Glenn Alexander

No. 45
- Position: Wide receiver

Personal information
- Born: June 3, 1947 (age 79) New Orleans, Louisiana, U.S.
- Listed height: 6 ft 3 in (1.91 m)
- Listed weight: 205 lb (93 kg)

Career information
- High school: St. Augustine
- College: Grambling
- NFL draft: 1970: 3rd round, 67th overall pick

Career history
- Buffalo Bills (1970); New England Patriots (1971)*;
- * Offseason or practice squad member only

Career NFL statistics
- Games played: 13
- Receptions: 4
- Receiving yards: 51
- Stats at Pro Football Reference

= Glenn Alexander =

American football player (born 1947)

Glenn Elliott Alexander (born June 3, 1947) is an American former professional football player who was a wide receiver in the National Football League (NFL). He played college football for the Grambling Tigers.

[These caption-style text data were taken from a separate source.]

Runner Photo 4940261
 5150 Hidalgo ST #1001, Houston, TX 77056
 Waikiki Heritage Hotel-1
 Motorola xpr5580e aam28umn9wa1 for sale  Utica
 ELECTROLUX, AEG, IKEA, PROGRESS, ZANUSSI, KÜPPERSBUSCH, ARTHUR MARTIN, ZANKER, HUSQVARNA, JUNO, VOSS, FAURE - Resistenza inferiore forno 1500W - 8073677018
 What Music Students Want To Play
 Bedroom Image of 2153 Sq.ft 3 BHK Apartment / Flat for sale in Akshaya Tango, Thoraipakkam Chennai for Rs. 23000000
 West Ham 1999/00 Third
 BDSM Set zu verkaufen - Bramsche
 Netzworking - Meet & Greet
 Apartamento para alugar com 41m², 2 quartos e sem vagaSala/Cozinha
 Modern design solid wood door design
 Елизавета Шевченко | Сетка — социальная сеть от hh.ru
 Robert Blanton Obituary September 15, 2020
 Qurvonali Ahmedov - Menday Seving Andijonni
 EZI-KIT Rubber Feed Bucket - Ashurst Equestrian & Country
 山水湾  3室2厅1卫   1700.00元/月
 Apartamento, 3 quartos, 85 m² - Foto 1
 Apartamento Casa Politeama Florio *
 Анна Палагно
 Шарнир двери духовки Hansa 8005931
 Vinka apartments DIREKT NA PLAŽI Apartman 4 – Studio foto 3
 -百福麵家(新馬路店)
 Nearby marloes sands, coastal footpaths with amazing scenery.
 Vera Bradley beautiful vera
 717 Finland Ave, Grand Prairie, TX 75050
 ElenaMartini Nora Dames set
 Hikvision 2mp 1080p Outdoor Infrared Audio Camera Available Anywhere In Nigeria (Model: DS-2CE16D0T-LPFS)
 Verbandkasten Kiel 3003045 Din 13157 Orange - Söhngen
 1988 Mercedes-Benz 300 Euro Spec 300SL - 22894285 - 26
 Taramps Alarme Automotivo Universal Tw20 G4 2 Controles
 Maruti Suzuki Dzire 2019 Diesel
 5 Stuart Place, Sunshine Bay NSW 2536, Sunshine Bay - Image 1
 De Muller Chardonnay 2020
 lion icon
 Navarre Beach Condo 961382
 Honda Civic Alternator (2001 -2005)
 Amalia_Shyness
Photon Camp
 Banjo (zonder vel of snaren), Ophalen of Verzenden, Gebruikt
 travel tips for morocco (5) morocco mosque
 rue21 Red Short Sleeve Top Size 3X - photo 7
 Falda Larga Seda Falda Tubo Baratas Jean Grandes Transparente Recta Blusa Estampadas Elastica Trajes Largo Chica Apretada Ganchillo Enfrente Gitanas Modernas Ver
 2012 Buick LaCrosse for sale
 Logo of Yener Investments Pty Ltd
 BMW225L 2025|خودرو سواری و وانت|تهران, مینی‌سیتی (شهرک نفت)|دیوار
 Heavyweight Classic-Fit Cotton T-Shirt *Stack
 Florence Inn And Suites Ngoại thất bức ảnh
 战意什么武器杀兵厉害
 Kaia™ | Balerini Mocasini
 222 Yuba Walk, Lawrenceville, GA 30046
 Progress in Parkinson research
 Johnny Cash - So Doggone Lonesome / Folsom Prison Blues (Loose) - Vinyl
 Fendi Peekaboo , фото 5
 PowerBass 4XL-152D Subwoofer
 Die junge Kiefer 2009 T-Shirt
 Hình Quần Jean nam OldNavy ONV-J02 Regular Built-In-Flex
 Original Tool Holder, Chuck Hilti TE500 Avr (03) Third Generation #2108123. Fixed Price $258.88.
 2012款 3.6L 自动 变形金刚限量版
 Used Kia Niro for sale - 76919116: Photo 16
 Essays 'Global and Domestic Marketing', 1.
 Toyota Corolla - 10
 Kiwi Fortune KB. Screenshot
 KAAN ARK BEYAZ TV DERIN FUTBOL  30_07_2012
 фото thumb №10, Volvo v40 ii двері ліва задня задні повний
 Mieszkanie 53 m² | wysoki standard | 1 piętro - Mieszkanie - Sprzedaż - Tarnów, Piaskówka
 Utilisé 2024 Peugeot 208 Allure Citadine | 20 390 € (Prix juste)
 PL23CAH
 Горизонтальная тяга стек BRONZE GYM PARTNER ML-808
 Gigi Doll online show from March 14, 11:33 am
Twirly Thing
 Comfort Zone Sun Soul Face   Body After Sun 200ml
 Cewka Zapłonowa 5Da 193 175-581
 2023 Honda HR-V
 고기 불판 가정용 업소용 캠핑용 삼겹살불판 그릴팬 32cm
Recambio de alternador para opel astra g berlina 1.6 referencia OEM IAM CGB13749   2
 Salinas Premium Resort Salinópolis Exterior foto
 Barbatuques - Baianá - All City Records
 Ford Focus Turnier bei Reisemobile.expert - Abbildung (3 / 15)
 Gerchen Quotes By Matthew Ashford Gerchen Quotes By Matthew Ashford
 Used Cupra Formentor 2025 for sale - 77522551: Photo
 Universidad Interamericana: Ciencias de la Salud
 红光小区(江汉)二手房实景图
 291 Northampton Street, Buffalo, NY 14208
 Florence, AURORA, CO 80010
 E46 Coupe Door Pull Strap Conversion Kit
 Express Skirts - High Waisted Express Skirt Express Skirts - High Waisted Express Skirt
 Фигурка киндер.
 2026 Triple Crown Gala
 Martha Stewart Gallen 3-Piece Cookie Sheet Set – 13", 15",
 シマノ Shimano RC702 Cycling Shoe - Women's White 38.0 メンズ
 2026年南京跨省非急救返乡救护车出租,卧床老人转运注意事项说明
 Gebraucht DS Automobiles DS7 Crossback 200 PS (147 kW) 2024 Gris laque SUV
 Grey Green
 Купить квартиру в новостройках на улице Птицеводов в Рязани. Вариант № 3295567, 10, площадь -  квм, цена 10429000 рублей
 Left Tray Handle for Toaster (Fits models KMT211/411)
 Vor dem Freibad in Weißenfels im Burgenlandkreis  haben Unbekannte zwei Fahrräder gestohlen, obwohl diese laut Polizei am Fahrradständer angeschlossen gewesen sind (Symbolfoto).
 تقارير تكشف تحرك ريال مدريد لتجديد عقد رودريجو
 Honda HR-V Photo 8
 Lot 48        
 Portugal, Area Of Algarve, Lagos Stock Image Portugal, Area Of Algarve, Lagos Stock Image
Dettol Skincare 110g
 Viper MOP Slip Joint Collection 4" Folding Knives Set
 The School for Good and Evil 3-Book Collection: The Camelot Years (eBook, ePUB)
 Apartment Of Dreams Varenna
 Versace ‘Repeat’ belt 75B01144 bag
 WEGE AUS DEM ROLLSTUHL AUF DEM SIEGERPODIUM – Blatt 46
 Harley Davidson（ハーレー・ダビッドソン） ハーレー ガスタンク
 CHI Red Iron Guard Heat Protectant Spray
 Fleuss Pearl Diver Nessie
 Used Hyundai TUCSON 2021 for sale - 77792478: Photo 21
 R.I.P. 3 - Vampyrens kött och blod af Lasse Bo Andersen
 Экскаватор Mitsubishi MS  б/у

Alexander was a cornerback and a return specialist at Grambling before he was selected 67th overall by the Buffalo Bills in the third round of the 1970 NFL draft. After signing with the Bills in July, he played in 13 games for Buffalo in 1970, with four receptions, 12 kick returns, and one punt return. In August 1971, he was placed on waivers and released. By the end of the month, Alexander was signed by the New England Patriots. He was released in September 1971.